Cotton Reboot (Switch)

Cotton-Reboot_Screenshot-01

“Reboot” isn’t the word, rather remake, and a better game than the original at that. Cotton’s longstanding history concerns a broom-riding, candy-obsessed girl out not to save the world so much as eat the candy saving the world produces. In that, Cotton Reboot takes the series’ first game and brings a glossy, attractive, wild veneer than represents the character’s zaniness.

Where the original Cotton (also offered as a bonus) seems sedate – but charming – this remake amplifies the imagery. It’s frantic, firing gargantuan bullets across the screen in a non-stop stream, and glowing enemies meeting their end on the other side. To say Cotton herself enjoys confectioneries (known as Willow) understates her obsession. Cotton, as it originally was, doesn’t convey Cotton’s urgency. Cotton Reboot blitzes through levels as if she’s unleashing her entire wrath on this underworld populace.

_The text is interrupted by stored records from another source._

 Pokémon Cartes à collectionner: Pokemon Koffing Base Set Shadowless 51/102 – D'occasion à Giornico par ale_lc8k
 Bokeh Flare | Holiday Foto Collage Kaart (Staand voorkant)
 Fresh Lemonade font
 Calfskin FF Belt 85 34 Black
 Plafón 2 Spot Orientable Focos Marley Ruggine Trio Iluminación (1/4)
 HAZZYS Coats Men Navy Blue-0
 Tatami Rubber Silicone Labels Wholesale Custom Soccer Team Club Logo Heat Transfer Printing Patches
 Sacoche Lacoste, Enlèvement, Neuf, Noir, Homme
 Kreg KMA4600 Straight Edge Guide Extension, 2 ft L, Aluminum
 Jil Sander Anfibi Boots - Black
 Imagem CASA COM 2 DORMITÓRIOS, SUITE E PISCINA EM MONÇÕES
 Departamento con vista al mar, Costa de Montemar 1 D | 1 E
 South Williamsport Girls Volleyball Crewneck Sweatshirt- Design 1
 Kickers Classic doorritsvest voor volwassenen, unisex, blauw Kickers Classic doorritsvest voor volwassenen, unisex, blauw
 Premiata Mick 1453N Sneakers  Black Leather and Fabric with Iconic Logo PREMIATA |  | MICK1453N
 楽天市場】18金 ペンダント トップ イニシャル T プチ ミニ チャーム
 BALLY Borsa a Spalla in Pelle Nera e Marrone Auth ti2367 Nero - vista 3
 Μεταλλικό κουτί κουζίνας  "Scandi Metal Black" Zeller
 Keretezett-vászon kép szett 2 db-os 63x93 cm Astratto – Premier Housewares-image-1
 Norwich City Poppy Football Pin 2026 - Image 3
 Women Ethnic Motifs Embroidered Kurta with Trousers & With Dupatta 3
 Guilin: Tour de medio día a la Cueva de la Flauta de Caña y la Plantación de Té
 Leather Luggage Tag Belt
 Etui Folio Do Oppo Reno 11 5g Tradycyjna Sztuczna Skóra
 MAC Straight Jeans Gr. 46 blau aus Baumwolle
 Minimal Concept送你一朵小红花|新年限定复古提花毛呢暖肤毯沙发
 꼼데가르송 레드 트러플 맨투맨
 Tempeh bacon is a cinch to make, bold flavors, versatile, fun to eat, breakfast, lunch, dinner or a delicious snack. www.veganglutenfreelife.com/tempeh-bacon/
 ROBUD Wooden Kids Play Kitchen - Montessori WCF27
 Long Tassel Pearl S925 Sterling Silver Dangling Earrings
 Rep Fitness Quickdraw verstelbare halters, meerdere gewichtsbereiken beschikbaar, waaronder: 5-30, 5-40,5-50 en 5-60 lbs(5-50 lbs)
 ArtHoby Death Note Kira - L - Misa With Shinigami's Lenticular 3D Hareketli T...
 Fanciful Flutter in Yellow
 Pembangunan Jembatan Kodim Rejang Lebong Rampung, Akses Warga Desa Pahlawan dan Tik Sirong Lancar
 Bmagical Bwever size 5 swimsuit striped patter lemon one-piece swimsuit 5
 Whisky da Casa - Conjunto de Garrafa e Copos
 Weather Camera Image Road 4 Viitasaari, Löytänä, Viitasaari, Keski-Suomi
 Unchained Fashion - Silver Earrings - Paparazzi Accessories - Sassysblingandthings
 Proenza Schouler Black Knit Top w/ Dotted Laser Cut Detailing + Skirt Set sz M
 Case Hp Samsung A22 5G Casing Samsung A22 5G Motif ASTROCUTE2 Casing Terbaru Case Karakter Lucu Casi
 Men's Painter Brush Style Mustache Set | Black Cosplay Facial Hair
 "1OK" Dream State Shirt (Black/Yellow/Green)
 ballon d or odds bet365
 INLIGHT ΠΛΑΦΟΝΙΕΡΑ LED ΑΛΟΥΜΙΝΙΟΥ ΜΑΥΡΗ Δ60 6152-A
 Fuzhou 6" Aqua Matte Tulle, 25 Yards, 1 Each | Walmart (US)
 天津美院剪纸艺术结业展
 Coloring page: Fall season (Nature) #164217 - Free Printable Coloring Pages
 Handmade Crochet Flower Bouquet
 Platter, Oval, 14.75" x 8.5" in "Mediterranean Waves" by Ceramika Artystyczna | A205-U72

The joke is Cotton never actually gets her Willow. Like Charlie Brown trying to kick a football, something inevitably swipes the sugary treats from her grasp. She saves the world; she doesn’t care. Think Kirby: A cute pink puffball capable of inhaling entire hordes of enemies, smiling as he goes. Cotton controls an entire personal armada without a care as to the death she causes.

Cotton Reboot offers high-grade difficulty options, but there’s a certain serenity in representing Cotton’s fury as a nigh-invincible blitzkrieg on the easiest settings. Cotton is a monster, whose power is driven entirely by want, a spoiled child who so happens to have the ability to get their treats. For her, she’s too cranky to care about the world, only herself, and the heroics happen accidentally. The genre, purely Japanese in origin, is so often about ace pilots eradicating aliens, it’s still refreshing to play as a brat, and Cotton Reboot is the best kind of tantrum.